### Source records
┌──
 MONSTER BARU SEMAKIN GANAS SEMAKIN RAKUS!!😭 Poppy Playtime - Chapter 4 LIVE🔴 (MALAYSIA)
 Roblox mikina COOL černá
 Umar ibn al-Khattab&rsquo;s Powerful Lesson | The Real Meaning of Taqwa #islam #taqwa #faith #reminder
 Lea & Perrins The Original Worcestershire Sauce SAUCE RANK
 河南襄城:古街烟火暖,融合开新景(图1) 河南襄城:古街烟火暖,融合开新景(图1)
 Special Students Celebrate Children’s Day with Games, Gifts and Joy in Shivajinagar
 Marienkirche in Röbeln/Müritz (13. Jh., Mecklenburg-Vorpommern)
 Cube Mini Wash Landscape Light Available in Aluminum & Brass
└──
┌──
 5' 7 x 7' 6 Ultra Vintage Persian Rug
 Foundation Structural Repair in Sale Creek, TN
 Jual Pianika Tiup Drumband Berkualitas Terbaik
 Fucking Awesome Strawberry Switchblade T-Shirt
└──
### What is being asked
Could you restate word for word the lines above from the one containing "Umar ibn al-Khattab&rsquo;s" through the one containing "Cube Mini Wash", both included, and nothing else?

### Response for this exercise
 Umar ibn al-Khattab&rsquo;s Powerful Lesson | The Real Meaning of Taqwa #islam #taqwa #faith #reminder
 Lea & Perrins The Original Worcestershire Sauce SAUCE RANK
 河南襄城:古街烟火暖,融合开新景(图1) 河南襄城:古街烟火暖,融合开新景(图1)
 Special Students Celebrate Children’s Day with Games, Gifts and Joy in Shivajinagar
 Marienkirche in Röbeln/Müritz (13. Jh., Mecklenburg-Vorpommern)
 Cube Mini Wash Landscape Light Available in Aluminum & Brass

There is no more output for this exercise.